Pendant que nous préparions donc cette décision de délocalisation, nous et nos partenaires avions sur la table depuis 2019 un autre projet qui s’appelle « paspanga » qui a plus de moyens que Ouaga FILM LAB dont le budget est estimé à 100 millions de Francs CFA par an. C’est un budget annuel qu’on a jamais pu mobiliser.

Là, nous sommes sur un nouveau programme qui signifie « Paspanga » qui est un projet de renforcement des compétences du cinéma burkinabè’’.  Avec ce projet, nous sommes entièrement dédiés au cinéma burkinabè. Contrairement à Ouaga FILM LAB qui ne retenait que 02  projets burkinabè sur un total de 10, le projet « PASPANGA » ne sera ouvert qu’aux projets burkinabè tout corps de métiers de cinéma confondus et cela pendant deux ans.



 « PASPANGA » va permettre la production de 10 films de court métrage par an en faisant en sorte que les auteurs de ces films-là puissent intégrer des réseaux un peu comme ce qu’on faisait à  Ouaga FILM LAB. Pour le Burkina Faso, c’est un projet qui est de l’ordre de 610 000 euros. Donc au profit de l’économie burkinabè, vous avez des formateurs burkinabè qui vont être engagés et payés, des salles et des locaux pédagogiques qui vont être loués, des équipements et des plateaux techniques qui vont être financés. Aussi, des experts internationaux (autour de la vingtaine) vont occuper les hôtels pendant 10 à 15 jours chacun. Donc, ce sont le cinéma burkinabè, l’économie burkinabè et le tourisme burkinabè qui en profiteront.

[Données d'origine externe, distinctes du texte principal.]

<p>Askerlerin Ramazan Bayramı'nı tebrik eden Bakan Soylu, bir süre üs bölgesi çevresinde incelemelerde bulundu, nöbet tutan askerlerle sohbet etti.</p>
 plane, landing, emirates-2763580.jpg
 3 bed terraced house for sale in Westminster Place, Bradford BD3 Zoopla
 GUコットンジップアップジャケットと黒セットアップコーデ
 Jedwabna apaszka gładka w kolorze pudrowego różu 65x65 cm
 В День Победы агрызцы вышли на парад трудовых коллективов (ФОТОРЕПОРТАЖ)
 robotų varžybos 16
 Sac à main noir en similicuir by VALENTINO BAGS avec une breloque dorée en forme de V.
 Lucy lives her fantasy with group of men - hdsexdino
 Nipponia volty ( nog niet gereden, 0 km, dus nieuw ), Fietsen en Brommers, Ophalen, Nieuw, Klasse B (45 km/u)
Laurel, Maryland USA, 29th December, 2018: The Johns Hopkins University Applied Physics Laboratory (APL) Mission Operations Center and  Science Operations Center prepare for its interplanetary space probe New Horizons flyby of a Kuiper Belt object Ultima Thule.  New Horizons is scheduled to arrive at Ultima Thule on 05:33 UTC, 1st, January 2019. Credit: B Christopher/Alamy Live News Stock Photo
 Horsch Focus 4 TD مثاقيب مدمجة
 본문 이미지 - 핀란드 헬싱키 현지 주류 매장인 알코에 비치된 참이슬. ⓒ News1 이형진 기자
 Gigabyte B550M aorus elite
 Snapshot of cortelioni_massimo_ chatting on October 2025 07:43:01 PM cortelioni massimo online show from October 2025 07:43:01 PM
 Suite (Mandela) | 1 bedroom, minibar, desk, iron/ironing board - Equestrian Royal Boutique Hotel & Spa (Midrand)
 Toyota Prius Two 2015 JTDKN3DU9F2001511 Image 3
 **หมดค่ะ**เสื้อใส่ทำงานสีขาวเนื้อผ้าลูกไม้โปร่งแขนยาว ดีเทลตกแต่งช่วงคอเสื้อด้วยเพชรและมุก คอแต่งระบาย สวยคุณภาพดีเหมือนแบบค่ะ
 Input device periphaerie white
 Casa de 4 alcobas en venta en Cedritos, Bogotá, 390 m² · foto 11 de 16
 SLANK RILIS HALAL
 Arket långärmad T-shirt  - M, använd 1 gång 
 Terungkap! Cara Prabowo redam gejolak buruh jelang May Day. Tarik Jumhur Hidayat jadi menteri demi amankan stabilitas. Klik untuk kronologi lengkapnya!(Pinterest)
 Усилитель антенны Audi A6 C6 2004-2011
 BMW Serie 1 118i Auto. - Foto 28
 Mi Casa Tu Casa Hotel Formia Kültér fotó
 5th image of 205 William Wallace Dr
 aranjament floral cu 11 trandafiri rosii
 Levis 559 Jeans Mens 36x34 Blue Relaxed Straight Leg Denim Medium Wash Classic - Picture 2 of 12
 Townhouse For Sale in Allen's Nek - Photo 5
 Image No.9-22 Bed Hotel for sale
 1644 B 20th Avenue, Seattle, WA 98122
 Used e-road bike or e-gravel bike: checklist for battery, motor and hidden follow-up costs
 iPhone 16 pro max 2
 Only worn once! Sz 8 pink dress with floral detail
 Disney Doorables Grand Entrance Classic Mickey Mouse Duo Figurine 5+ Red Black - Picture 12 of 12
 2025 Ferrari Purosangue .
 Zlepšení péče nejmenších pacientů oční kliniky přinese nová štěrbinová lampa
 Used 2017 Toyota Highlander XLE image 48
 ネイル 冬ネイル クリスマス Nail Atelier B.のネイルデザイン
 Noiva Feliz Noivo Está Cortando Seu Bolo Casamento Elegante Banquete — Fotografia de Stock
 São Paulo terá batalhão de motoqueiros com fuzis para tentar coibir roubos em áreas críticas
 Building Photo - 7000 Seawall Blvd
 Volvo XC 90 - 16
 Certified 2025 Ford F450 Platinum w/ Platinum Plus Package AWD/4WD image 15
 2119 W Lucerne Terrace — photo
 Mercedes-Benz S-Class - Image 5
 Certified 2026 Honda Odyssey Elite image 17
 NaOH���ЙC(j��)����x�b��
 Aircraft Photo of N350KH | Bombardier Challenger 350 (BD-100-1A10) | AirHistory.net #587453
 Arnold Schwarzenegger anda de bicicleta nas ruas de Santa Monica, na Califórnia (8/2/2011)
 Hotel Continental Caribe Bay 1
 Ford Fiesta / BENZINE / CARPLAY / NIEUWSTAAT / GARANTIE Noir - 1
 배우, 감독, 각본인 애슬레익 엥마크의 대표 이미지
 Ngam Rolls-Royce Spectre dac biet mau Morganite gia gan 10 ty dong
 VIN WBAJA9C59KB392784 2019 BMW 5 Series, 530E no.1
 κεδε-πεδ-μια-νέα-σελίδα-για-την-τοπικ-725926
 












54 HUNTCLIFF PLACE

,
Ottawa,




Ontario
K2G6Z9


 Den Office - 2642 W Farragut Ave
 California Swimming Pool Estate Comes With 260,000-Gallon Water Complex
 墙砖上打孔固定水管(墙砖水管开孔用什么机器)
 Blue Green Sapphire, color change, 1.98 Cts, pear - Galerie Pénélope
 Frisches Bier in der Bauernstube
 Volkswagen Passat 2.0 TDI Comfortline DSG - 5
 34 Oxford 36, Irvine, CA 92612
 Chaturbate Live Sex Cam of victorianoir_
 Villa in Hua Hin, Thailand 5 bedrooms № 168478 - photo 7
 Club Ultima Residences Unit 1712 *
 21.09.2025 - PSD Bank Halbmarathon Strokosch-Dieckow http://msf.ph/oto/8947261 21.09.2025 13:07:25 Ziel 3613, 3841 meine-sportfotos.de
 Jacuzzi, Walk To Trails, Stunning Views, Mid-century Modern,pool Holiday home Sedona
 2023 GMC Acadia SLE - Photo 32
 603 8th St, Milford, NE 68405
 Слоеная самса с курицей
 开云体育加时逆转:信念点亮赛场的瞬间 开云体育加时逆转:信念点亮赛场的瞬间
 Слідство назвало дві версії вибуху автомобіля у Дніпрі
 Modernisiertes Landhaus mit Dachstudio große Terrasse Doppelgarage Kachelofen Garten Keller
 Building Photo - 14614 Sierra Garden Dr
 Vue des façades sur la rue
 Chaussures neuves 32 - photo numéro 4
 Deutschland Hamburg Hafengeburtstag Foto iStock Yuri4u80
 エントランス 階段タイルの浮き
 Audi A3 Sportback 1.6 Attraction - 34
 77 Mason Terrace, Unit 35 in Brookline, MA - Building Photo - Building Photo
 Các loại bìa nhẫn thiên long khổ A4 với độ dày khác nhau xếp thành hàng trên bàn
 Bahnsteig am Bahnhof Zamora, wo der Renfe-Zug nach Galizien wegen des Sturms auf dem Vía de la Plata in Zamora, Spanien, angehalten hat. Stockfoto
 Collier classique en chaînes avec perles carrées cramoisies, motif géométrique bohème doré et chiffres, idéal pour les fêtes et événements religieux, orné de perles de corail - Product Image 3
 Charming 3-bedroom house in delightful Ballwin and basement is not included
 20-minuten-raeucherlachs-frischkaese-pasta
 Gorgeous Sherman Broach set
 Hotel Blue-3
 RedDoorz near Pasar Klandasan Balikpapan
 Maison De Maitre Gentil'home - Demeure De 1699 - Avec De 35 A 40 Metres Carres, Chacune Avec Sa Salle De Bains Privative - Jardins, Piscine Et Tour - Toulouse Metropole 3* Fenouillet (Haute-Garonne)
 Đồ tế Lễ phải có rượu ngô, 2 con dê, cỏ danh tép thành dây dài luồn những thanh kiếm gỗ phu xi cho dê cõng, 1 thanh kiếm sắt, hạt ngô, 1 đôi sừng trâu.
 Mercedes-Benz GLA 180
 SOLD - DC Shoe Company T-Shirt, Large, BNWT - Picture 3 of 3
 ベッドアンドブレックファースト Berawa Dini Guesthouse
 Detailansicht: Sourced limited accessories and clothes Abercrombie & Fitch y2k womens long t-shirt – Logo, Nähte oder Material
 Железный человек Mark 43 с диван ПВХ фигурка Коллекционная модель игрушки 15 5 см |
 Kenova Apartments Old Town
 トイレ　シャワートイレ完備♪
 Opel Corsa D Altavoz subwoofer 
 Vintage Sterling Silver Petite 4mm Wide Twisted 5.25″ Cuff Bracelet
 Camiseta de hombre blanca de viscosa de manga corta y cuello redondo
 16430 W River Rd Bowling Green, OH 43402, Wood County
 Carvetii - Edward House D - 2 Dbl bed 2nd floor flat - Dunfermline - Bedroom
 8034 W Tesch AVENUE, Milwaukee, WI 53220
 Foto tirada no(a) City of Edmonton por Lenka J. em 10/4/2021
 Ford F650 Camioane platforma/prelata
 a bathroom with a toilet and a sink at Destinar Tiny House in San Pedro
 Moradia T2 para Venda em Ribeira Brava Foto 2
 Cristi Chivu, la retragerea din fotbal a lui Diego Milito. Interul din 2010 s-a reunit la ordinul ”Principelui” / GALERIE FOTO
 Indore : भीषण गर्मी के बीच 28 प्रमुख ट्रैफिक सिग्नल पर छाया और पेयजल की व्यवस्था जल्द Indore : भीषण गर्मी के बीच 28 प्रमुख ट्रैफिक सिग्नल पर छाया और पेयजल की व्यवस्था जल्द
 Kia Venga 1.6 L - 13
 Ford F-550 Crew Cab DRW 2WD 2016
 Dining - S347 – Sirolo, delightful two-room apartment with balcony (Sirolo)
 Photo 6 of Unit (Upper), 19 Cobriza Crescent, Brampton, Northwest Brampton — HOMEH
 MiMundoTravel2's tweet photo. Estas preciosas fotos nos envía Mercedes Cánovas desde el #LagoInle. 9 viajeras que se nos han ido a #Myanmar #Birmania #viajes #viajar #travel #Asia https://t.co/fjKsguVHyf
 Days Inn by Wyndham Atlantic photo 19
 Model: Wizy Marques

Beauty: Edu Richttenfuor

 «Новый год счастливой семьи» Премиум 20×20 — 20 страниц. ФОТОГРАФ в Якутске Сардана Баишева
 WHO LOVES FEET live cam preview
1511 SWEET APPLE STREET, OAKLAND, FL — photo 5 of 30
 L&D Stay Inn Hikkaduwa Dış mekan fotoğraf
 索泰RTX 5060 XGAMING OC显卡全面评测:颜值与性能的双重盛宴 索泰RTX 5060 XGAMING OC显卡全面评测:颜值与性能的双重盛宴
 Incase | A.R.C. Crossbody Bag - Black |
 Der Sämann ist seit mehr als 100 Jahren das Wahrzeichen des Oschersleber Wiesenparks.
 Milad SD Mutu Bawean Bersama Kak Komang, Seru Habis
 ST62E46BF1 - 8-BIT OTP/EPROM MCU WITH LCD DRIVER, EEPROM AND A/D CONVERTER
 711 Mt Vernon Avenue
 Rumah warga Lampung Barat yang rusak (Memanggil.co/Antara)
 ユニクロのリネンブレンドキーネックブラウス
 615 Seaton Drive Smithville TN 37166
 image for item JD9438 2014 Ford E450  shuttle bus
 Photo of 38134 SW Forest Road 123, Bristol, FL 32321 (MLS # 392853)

Le seul  pincement au cœur que nous avons dans cette délocalisation, c’est pour le pays même et non la délocalisation de Ouaga FILM LAB en tant que tel.  Cette situation sécuritaire du pays doublée de l’instabilité politique du fait du régime de transition est préoccupante. On doit tous travailler à restaurer cette situation socio-politique et sécuritaire pour que le Burkina retrouve sa bonne ambiance.

Avez-vous omis des éléments  ? 

La seule chose que j’ai envie d’ajouter, est qu’en comparant le projet Paspanga et Ouaga FILM LAB qui sont des projets que nous portons souvent avec beaucoup de sacrifices, avec beaucoup de promesses notamment de nos autorités politiques, on souhaite avec ce nouveau régime qui est en place qu’on passe vraiment du discours à l’action. Ce que nous déplorons, c’est de considérer la culture comme un divertissement et ça c’est grave ! Les problèmes que nous vivons actuellement : sécuritaires, cohésion sociale, le vivre ensemble sont  les  conséquences d’un manque de considération ou d’une négligence de notre culture qui n’a toujours pas été suffisamment soutenue. Nos autorités politiques sont plus dans les discours mais pas de façon concrète.